Worldwide nickel prices have surged to their highest since 2012 over concerns following a tailings spill and subsequent plant shutdown by Brazil’s Vale S.A. in the South Pacific island nation of New Caledonia. Processing ceased after an “acid-containing solution” entered Cory McPhee, a nearby creek, said officials at the No. 2 mine.

The Rio de Janeiro-headquartered giant suspended 80% of production while planning a total closure by Friday’s end; global prices, said an analyst cited by Reuters, have accordingly increased 6%. About 3,500 workers were affected, according to Vale, including 1,300 employees, and the remainder are subcontractors.

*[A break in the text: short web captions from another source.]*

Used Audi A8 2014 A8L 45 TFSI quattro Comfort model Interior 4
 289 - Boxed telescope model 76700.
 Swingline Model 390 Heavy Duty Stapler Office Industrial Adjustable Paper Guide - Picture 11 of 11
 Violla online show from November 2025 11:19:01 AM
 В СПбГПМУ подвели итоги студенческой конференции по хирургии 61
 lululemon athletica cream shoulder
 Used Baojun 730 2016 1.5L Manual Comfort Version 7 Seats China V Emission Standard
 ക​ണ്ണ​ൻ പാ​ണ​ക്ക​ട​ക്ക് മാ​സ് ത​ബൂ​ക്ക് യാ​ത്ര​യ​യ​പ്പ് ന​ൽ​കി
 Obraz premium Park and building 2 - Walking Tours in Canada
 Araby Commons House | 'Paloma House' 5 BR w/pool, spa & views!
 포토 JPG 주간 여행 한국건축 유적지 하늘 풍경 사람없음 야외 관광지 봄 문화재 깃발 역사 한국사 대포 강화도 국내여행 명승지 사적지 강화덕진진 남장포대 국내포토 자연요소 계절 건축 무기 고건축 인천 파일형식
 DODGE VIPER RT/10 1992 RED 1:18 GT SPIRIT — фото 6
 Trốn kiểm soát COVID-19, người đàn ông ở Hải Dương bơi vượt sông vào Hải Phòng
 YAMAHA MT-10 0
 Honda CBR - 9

After ordering the stoppage, meanwhile, New Caledonia southern provincial authorities said legal proceedings are under way for environmental code violations as the spill killed some 1,000 fish; swimming and fishing, they added in a statement quoted by Reuters, is temporarily suspended in the area.

The local government did not say when Vale could resume operations, but noted pollution had been contained to the single river. A Toronto-based company spokesman said water quality has since normalized amid expectations of production resuming “shortly,” in a statement quoted by Bloomberg. With 250,000 inhabitants, New Caledonia is an overseas territory of France and lies 750 miles east of Australia.

In Q4, Vale announced plans to produce 40,000 metric tons (mt) in 2014 at the site, previously named Goro. China and Japan are scrambling to secure supplies as fears of shortages have bolstered demand for refined metals and long-term ore contracts; pressures are accentuated by an unprocessed ore ban by Indonesia, which supplies more than 25% of global supply.